Since this is a substantive comment on a document that is in
Last Call for Standards Track, I'm posting the note to the IETF
list. Since I use different addresses for the SMTP list and the
IETF one, I don't know when or if this will appear on the latter.
With the exception of the last point, this note addresses
Section 6.3 of this document (on Internationalization)
exclusively. I will post another note before the cutoff to
address other issues.
--On Friday, February 27, 2009 15:49 -0700 "J.D. Falk"
Dave CROCKER wrote:
Just to make this explicit, SM's note is to the rest of you,
not to me. I asked him to solicit comments from the group,
since I have only tried to make the document parrot what I8N
folk say. My own comprehension of the topic remains muddled.
Mine is similarly muddled, but I wonder...is it appropriate to
reference a recent (and presumably temporary) experiment
alongside documenting the current state of the art?
Particularly when email-arch is unlikely to be updated for
another five years?
Well, while my comprehension may be equally muddled, it isn't
for lack of trying and involvement.
A few observations:
(1) The use of international (non-ASCII) characters in message
bodies and content has been a done deal since MIME came in.
That should probably be said explicitly. If we were redoing
that work today, we would probably strongly recommend the use of
UTF-8, rather than alternate encodings, and might require a
charset parameter on all instances of text/plain. But no WG
has ever been willing to move on either of those two points.

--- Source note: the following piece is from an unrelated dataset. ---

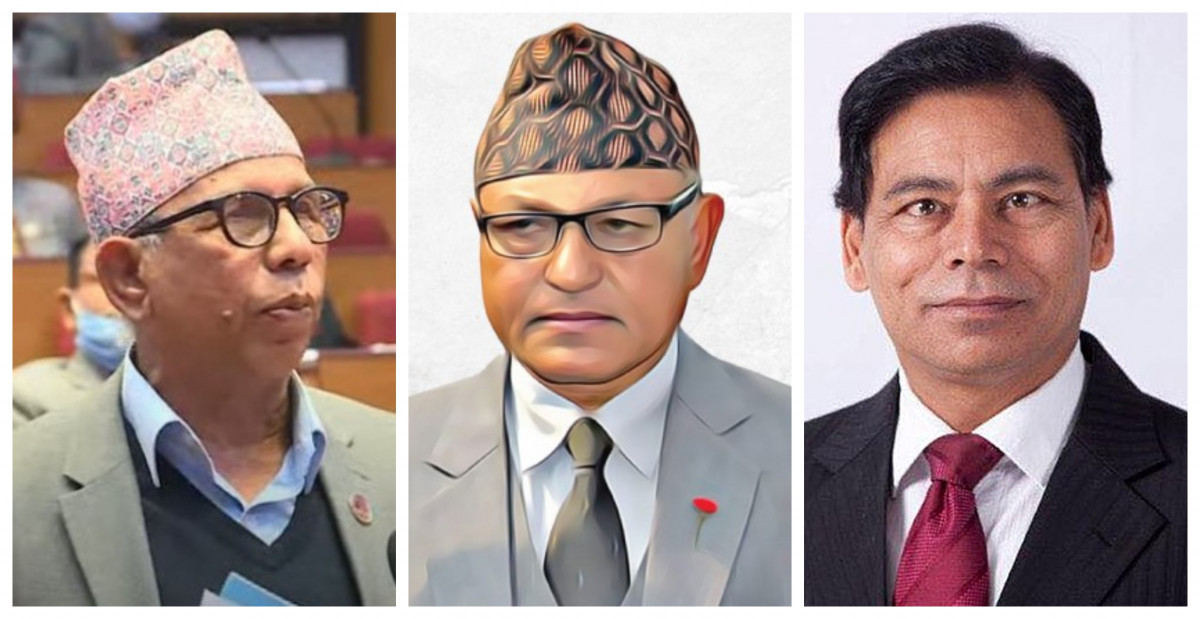 नेकपा (एस)को पदाधिकारी निर्वाचनमा हात झिक्नेहरू वरिष्ठ नेतामा मनोनीत (नामावलीसहित)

(2) Given the requirement for an Internationalization
Considerations section, which this document honors with Section
6.3, handing the substance of that section off to an
non-consensus document (IMC's Mail-I18N) in what is clearly a
normative reference despite being listed as an informative one
(the previous sentence has essentially no content other than to
indicate that i18n is an "ongoing challenge") seems dubious and
(3) There are some useful things that can be said that are, at
this point, settled parts of the architecture or at of least the
relevant protocols. As suggested above, one is that the content
matter is settled and that UTF-8 is the winner in the character
set wars (although other things are certainly around). Another
is that work on i18n of email headers and addresses is
progressing, but that, until that work completes, IDNs can be
expressed in ACE form (with appropriate references). I would
personally avoid making anything resembling a normative
reference to the experimental documents, largely because they
introduce more new syntax and terminology that would then need
to be discussed.
(4) It is a nit, but "Because its origins date back to the use
of ASCII" leaves an impression that is not strictly correct. It
would be accurate to say that its origins date back to the time
when even the use of ASCII was controversial. However, the
origins have nothing to do with anything: the email architecture
of today is defined in ASCII terms. RFCs 5321, 5322, and 2045ff
are written in ASCII terms and require ASCII (except in
body-part content) as are most of the other protocols
referenced. It would be far more accurate to simply say that we
have an ASCII-based protocol suite that is gradually being
adapted to accommodate non-ASCII elements where those are
appropriate, with the current thread and model starting with the
introduction of text/ content-types in MIME.
(5) The document needs to be updated to reflect current
references. In particular, RFCs 5321 and 5322 were published
almost six months ago. They also contain some slight
adjustments to terminology and this document should be carefully
checked to be sure its terminology is still consistent with them.